Most excellent! But I wouldnt ask about the process... trade secrets and all that....


----------



## southoz (Sep 13, 2009)

thats great work Marshall, maybe you could bomb people with these instead of cigars.....

what if i pm'd you, would you then give me the instructions on how to create these beauties???


----------



## Claes (Dec 19, 2008)

jaydub13 said:


> Most excellent! But I wouldnt ask about the process... trade secrets and all that....


I can appreciate the sentiment but I don't intend to try and create them. I don't need to know the Hooters hot wing recipe if I want to know how to make hot wings.

However, I can also appreciate someone taking pride in their work and wanting to keep it to themselves. All great magicians don't share their tricks.

This thread seems like its starting to take a wrong turn so, Great job man! I like to see the ingenuity! :focus:


----------



## gibson_es (Jan 23, 2010)

yea, i too am not trying to rob him of anything. i have enough humidifiers and such, i just like to know things. i spend most of my day learning things. its my side hobby, having knowledge. thats all.


also, i failed to mention how impressed i am that you figured out how to do this. i never thought to try. great job. and if i ever need more beads (the slippery slope wont let me be content for too long) i will hit you up, assume you have it all figured out by then, and assuming i am not in too big of a rush to get it seasoned.


----------



## ShortyStogie (Oct 7, 2009)

Good stuff, razz! Great stuff, actually.

Like you, I too am insanely obsessive about gathering knowledge about this stuff.

Unfortunately, unlike you, I don't have the discipline to actually go out and do it... I would love to know the process, but I think this could end up being a very interesting commercial venture for you.
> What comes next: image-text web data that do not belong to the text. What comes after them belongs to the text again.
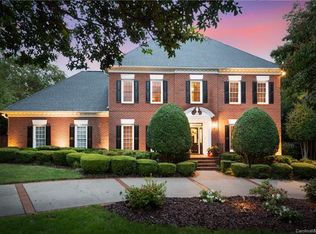 1727 Rutledge Ave, Charlotte, NC 28211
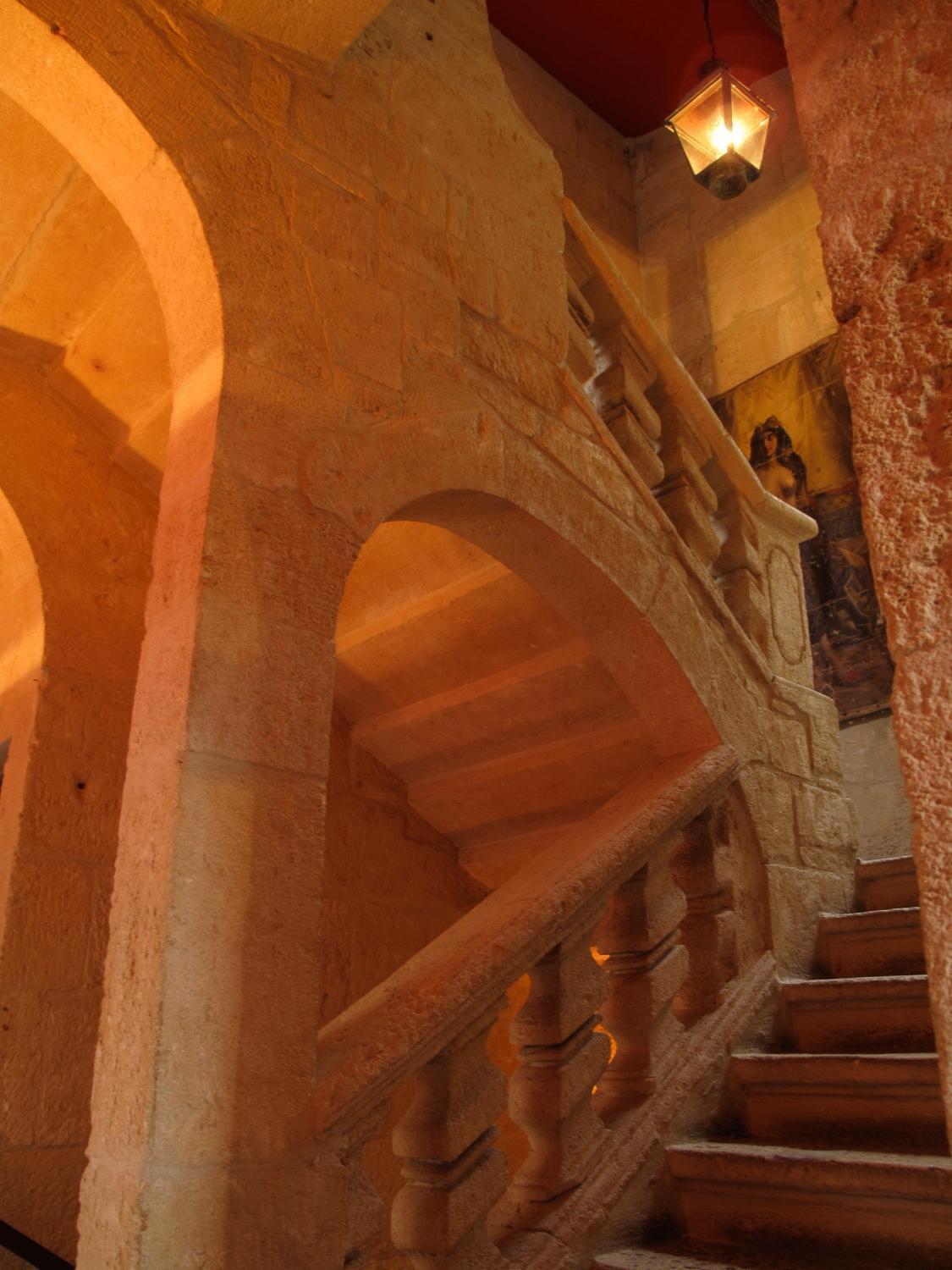 Hotel Les Templiers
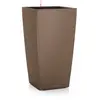 Lechuza 13133 Cubico, Nuez Moscada, 30x30x56 cm , 1 unidad, Muscade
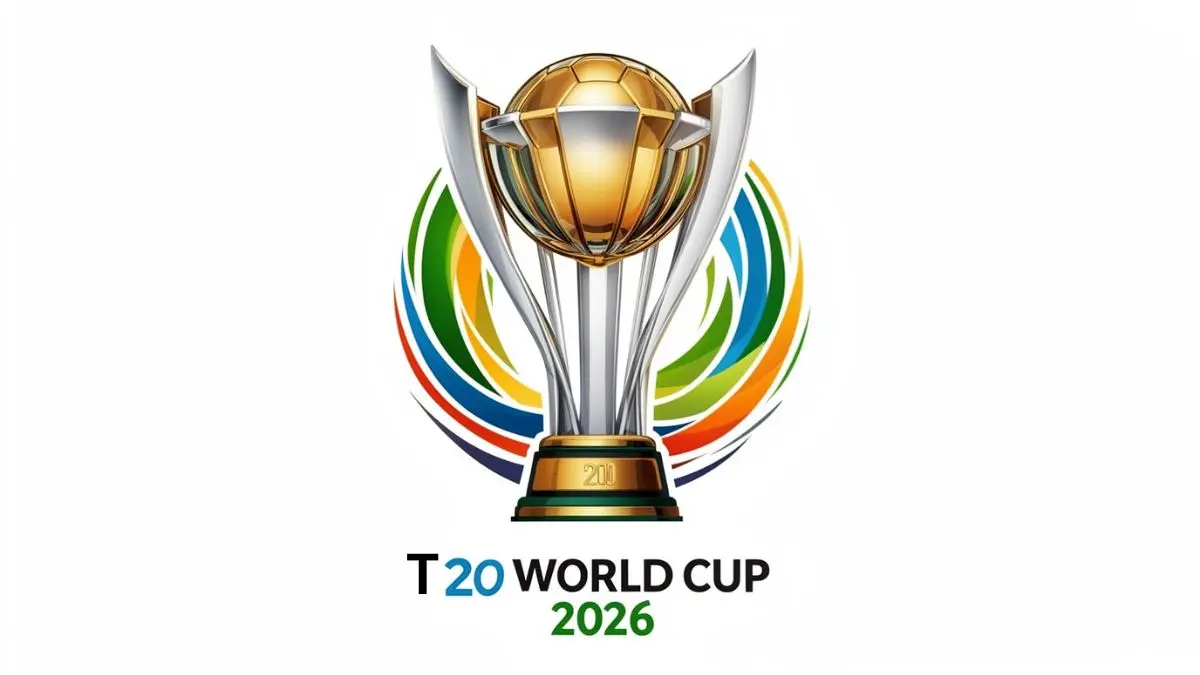 T20 World Cup 2026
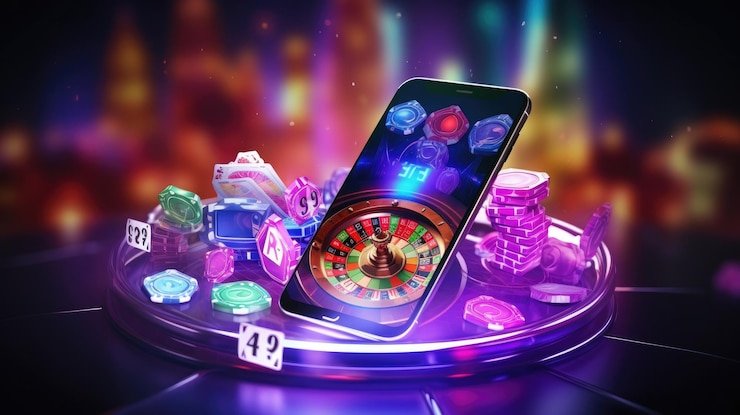 Tampilan live betting ttt789 saat pertandingan sepak bola berlangsung secara real-time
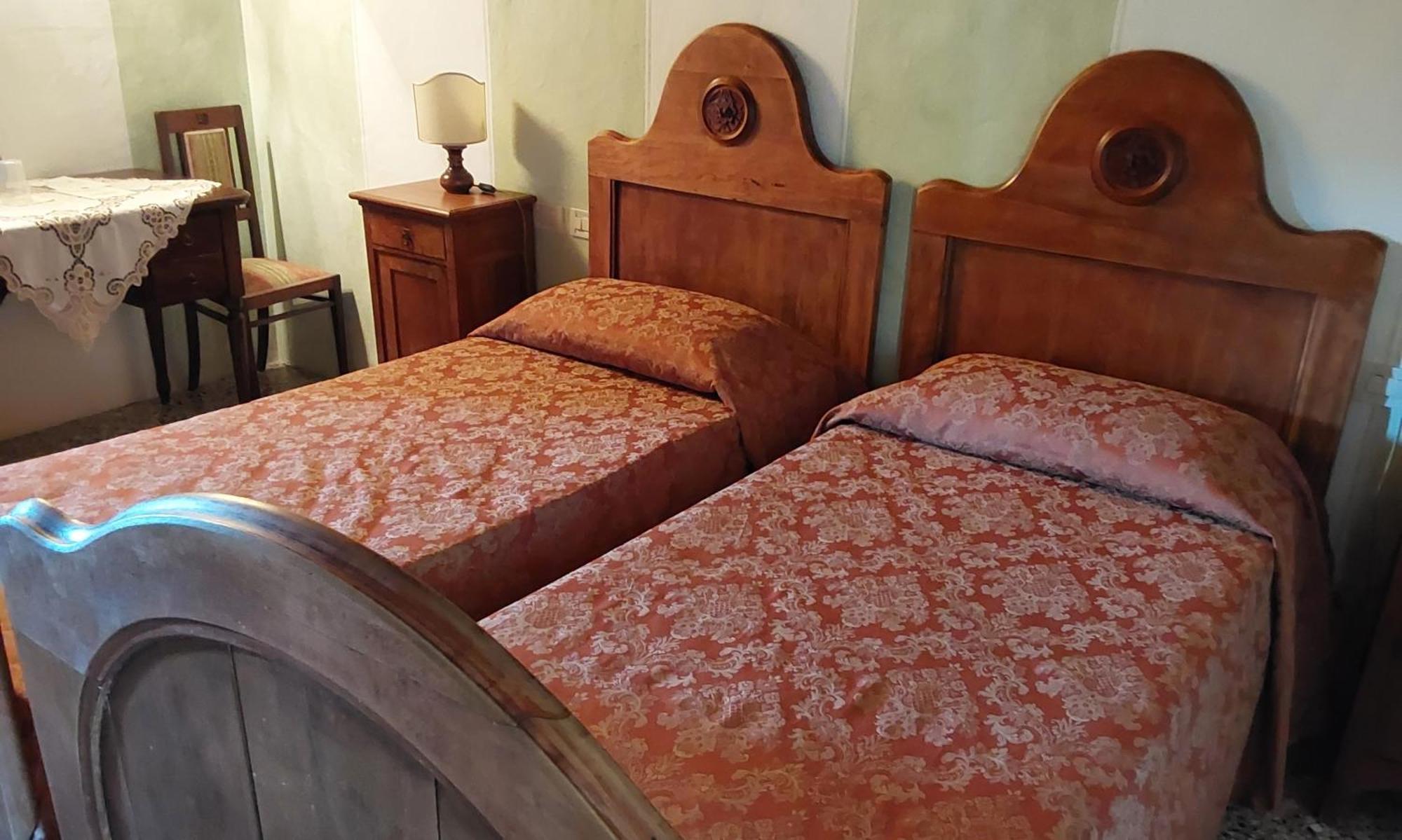 Villa Cigolotti Vivaro Dış mekan fotoğraf
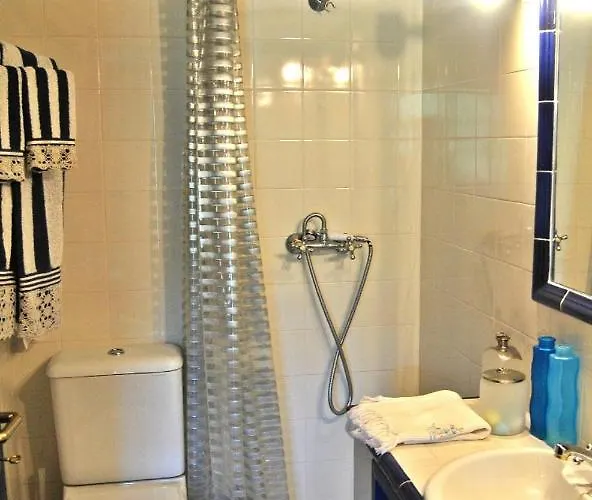 Quinta Do Freixieiro 펜션 *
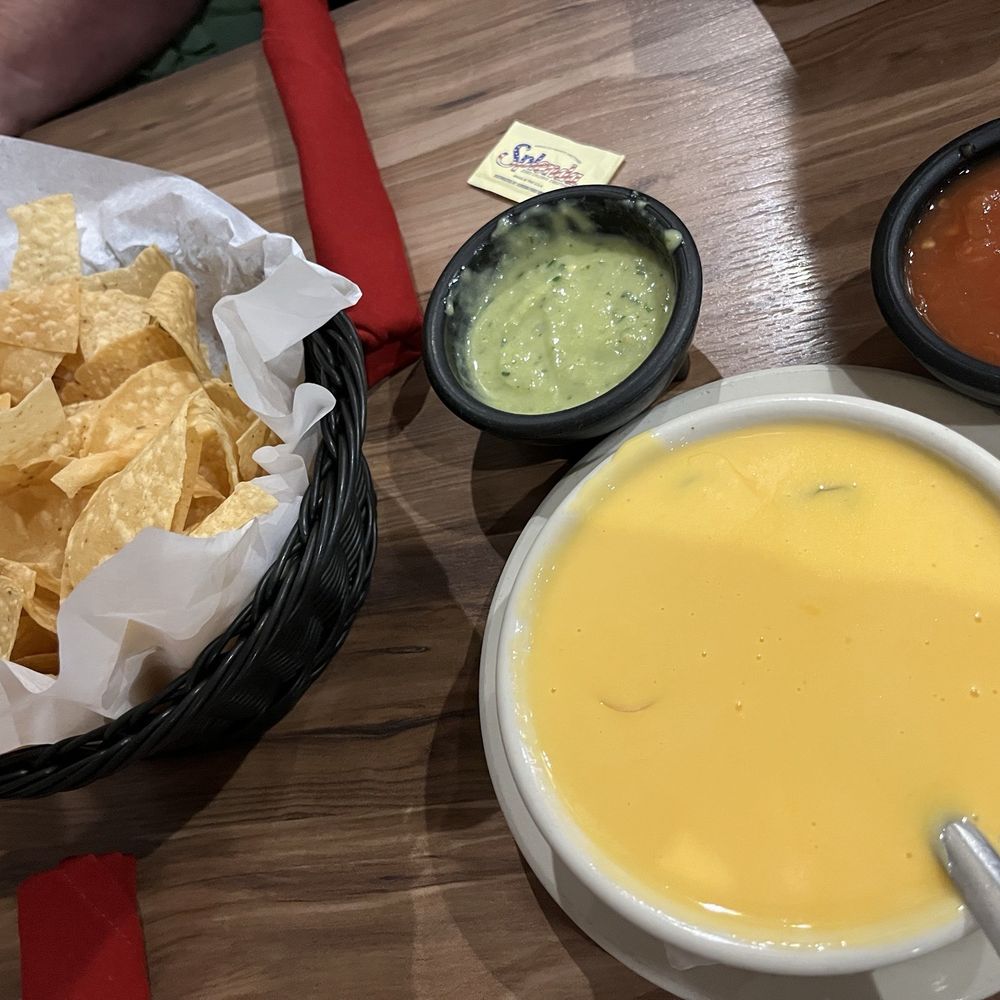 Victor's Mexican Grille - Queso and sauces - Seafood Near Me - Katy, Texas Victor's Mexican Grille - Queso and sauces - Seafood Near Me - Katy, Texas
If I were you, i would perfect the process before putting it out on forums... if even then!

If you need some help in the machining aspect of it (you know, streamlining the actual production of the beads) I'd be more than happy to help out... Have a little bit of experience in that sorta thing.

Good luck to you... You rock!

-SS


----------



## RazzBarlow (Dec 8, 2009)

Update: Day 2, still holding steady


----------



## ekengland07 (May 20, 2009)

RazzBarlow said:


> Like I said, the concept is simple. The execution is not simple. I've spent weeks researching and experimenting with different formulas and application methods. (The Merck Index has been light reading for me lately)


Very cool and interesting idea. I own two copies of the Merck Index and now you have me intrigued. Looking forward to see how this finishes.


----------



## MrMayorga (Feb 14, 2008)

Hey Marshall, VEERRRYYYY INTERESTING! If you need a *beta tester*, I just bought a Vinotemp that needs humidification. LOL


----------



## socapots (Feb 22, 2010)

nice stuff man.
I cant say i have ever even seen beads of anykind.


----------



## Brilliant (Jan 28, 2010)

op2: Cant wait to see the outcome


----------



## socapots (Feb 22, 2010)

RazzBarlow said:


> Update: Day 2, still holding steady


so how long are you anticipating the beads to last? 
As in what would you like to see out of them?
Id think in a sealed enviroment they should be ok until they eventually break down completly right?
then again i guess whatever commercial stuff out there would be the same..?
no?


----------



## RazzBarlow (Dec 8, 2009)

Update: Day 3, still holding steady. It rained fairly steadily for 2 days here, so the ambient rH is pretty high. (I didn't measure outside the tupperware)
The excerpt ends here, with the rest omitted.